[HN Gopher] Intel Releases x86-SIMD-sort 2.0 With Faster AVX-512...
___________________________________________________________________
Intel Releases x86-SIMD-sort 2.0 With Faster AVX-512 Sorting, New
Algorithms
Author : ashvardanian
Score : 78 points
Date : 2023-06-23 21:48 UTC (1 days ago)
(HTM) web link (www.phoronix.com)
(TXT) w3m dump (www.phoronix.com)
| tecleandor wrote:
| What kind of processes are heavily (or, at least, moderately)

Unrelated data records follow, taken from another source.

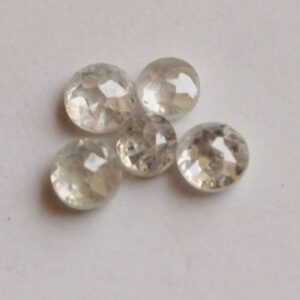 Natural Clear White Rose Cut Diamond Cabochons, 2-2.3mm Rare Round Flat Back Rose-cut Diamond For Engagement Ring/jewelry (5pcs) - Pdd314 Natural Clear White Rose Cut Diamond Cabochons, 2-2.3mm Rare Round Flat Back Rose-cut Diamond For Engagement Ring/jewelry (5pcs) - Pdd314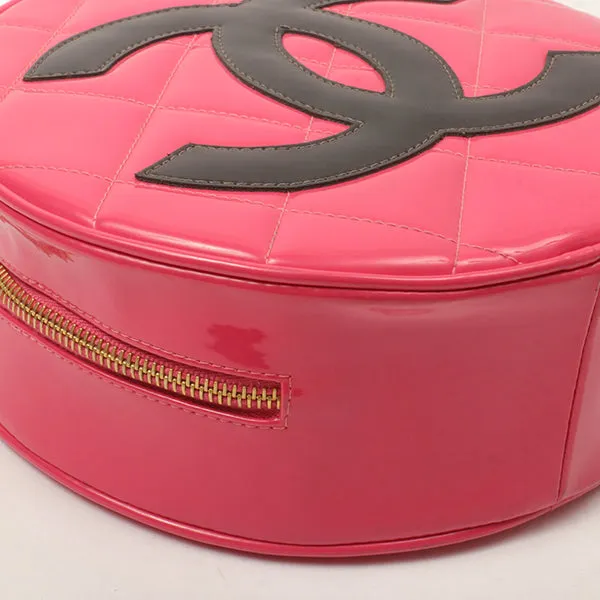 Chanel Around 1995 Made Patent Round Design Cc Mark Vanity Fuchsia Pink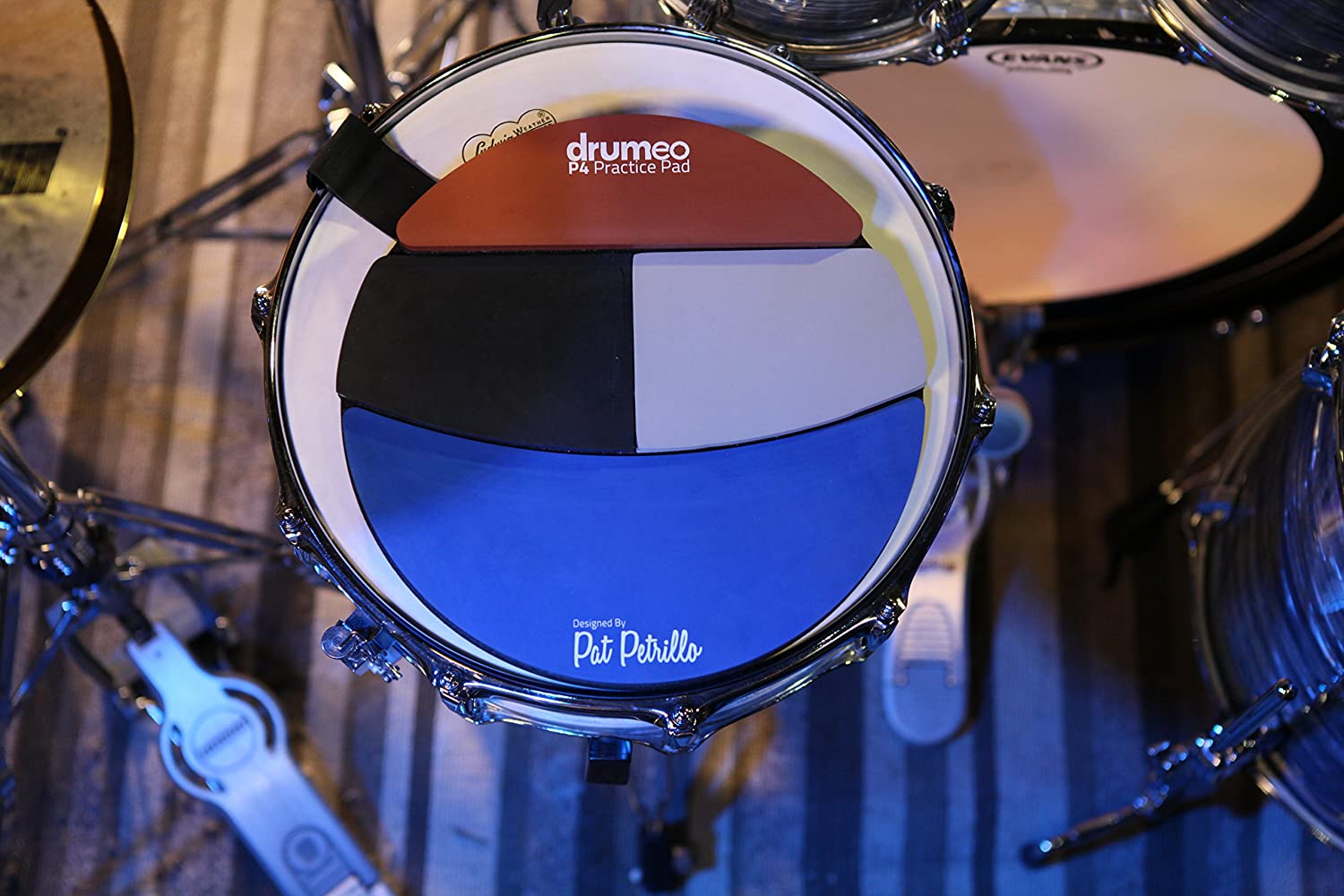 Drumeo, Drumeo P4 Practice Pad, 4 different surface to simulate drum feel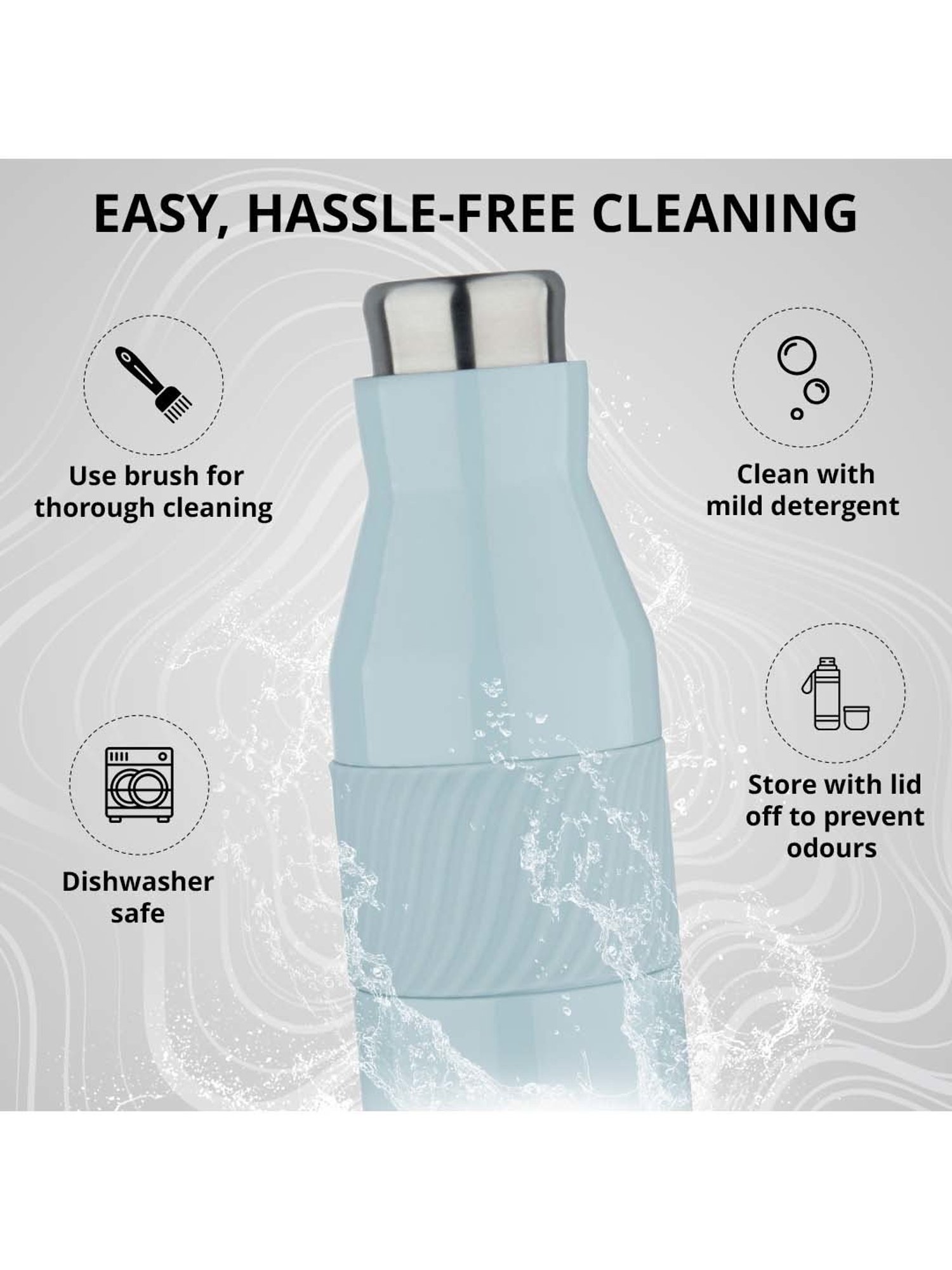 Bergner Walking Blue Stainless Steel Thermosteel Hot and Cold Bottle (0.6 L)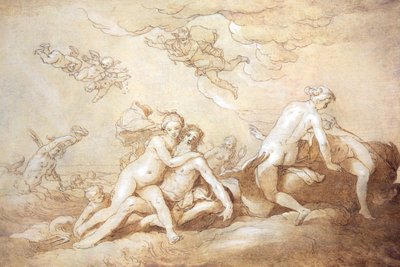 Neptunus ja Amphitrite (kynä ja tussi) tekijältä Abraham Bloemaert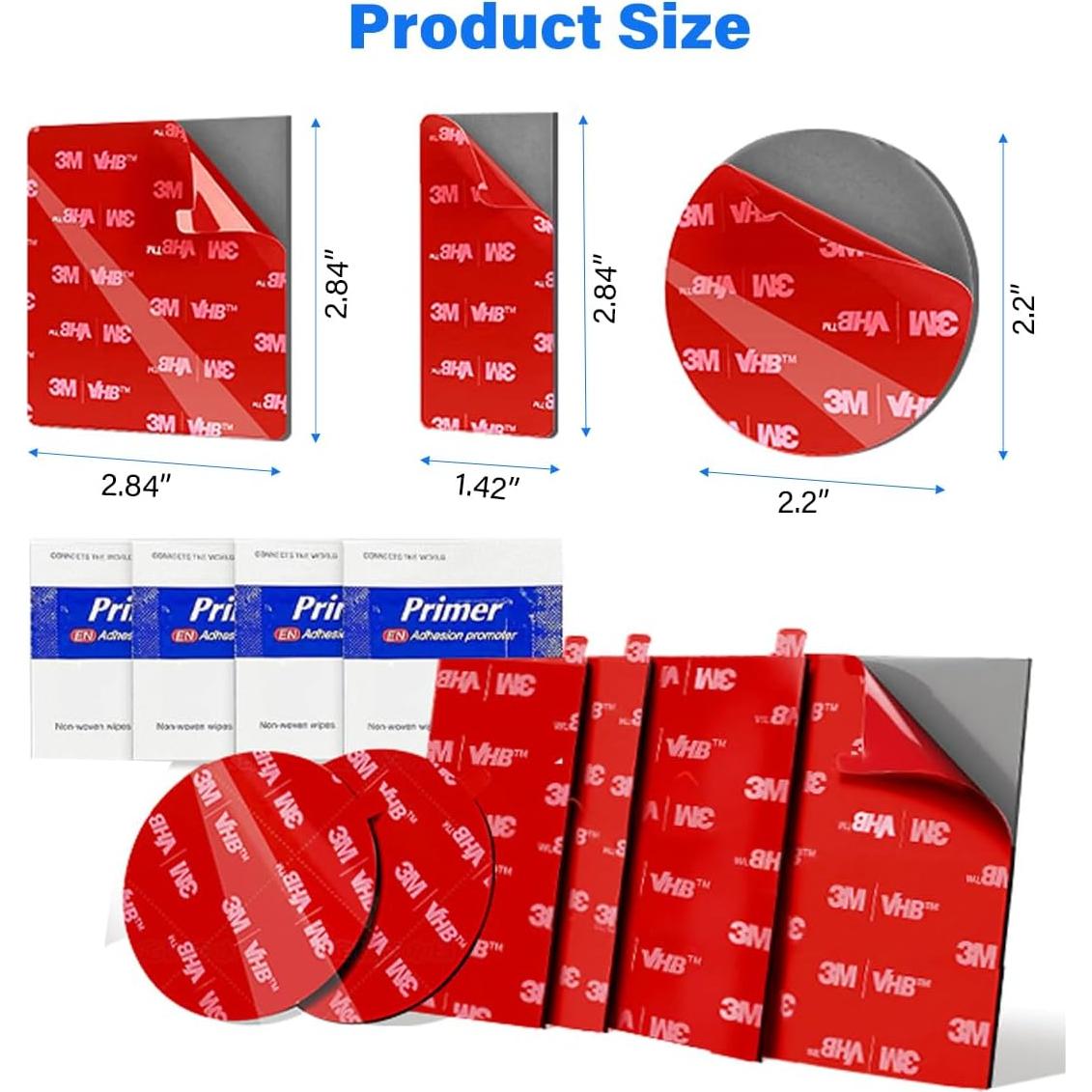 Cinta Adhesiva Doble Cara 3M VHB 4 Piezas Redondas 7.2 cm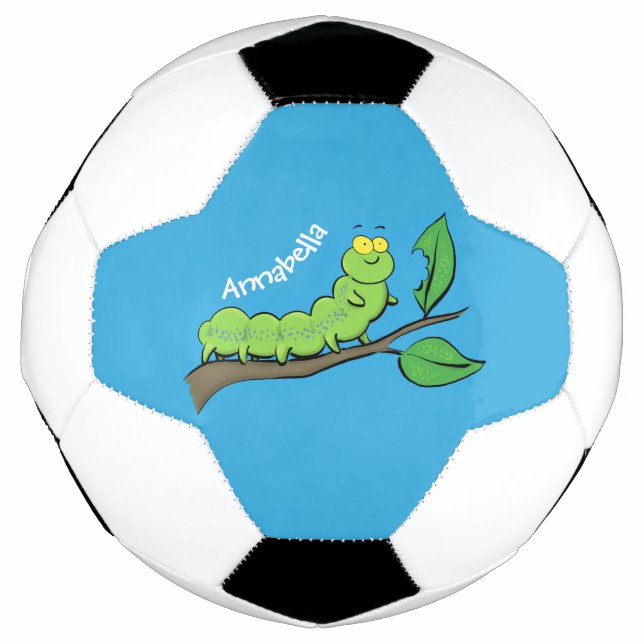 Ballon De Foot Joli dessin animé de chenille verte mignonne (Devant)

| impacted by the performance improvement of sorting algorithms?
|
| By my lack of knowledge (and the heat of today :0 ) can't guess
| what algorithms or processes do lots of sorting behind the
| scenes.
| eyegor wrote:
| Sorting is pretty common in the numerics world because a lot of
| algorithms or techniques can be optimized heavily with sorted
| inputs. You either get to skip steps or bisect the dataset.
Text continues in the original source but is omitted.